Recently, Twitter was alight with debate about whether certain AI porn images were ‘realistic’ or not (note to reader: they were not). It seemed only to be men who couldn’t tell the difference. This is no surprise, given that technology and social media have made it possible for women to look a way that is impossible to achieve in real life. All of this feeds into misogyny and patriarchy: in a society that already views women as second-class, filters like this one could be adding to how dehumanised women are. 

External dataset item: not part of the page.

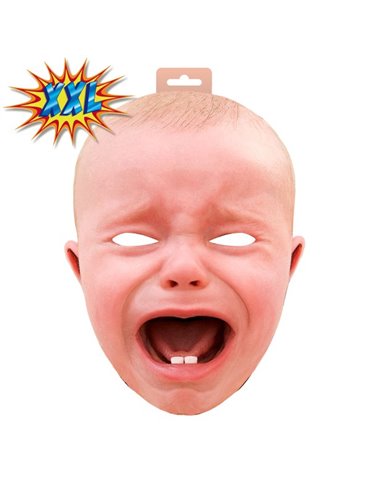 Mask EVA Baby Face with elastic XXL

So does the backlash to ‘Bold Glamour’ suggest people are finally waking up to how negative filters can be? It feels trite to say, because most of us know this to be true, but we contribute to the problem regardless. When the ‘Paris’ filter first launched on Instagram, I was going through a particularly bad bout of psoriasis and I felt a lot of shame around my skin. This magic filter smoothed my chronic illness away in one swipe and I thought I’d hit the jackpot. Until, that is, I had to leave the house and face my friends, who had been messaging me about how happy they were that my skin was clearing. 

@chloegracelaws Showing the difference of this filter to me with zero makeup because I keep seeing people in full beat saying it doesn’t make them look that different. Filters like this are terrifying because we forget how we actually look. Because beauty ideals have gone so far, that men can’t tell the difference between AI women and actual women. Because every reality tv star on instagram is overlaying this face on their photos and they don’t even have to sign post it. ENOUGH. #boldmakeup #boldmakeupfilter #filter #filtertransition #dropthefilter #feminism #patriarchy #beautyideals #beautystandards #fyp #fypシ ♬ original sound - Chloe grace laws

Now I try to only use ones that only change colours or graininess and I feel passionately that filters are contributing to unrealistic, eurocentric and patriarchal beauty ideals. But, like a lot of things (say, capitalism or sustainability), it’s hard to create change when you’re just another cog in the system, and it can feel fruitless: so, why not join them? If everyone else is smoothing their skin, why should I be the only one showing my pores and pimples?

One TikTok user joked that they were glad this filter didn’t exist before their prefrontal cortex developed and isn’t that a scary thought? In my early twenties (I’m now 28) filters were more rudimentary, and they were fun. People knew they weren’t real, because they weren’t supposed to be. That’s all changed. Filters, now, are primarily about looking a certain way – digital make-up was once garish, and now it’s a subtle eyelash or a slightly bronzed cheek. The point of them is to go unnoticed, and to create an illusion. This illusion is one society has collectively bought into; that it’s normal (and achievable) for women to homogeneously look a certain (poreless, snatched, youthful) way. And we’ve internalised it.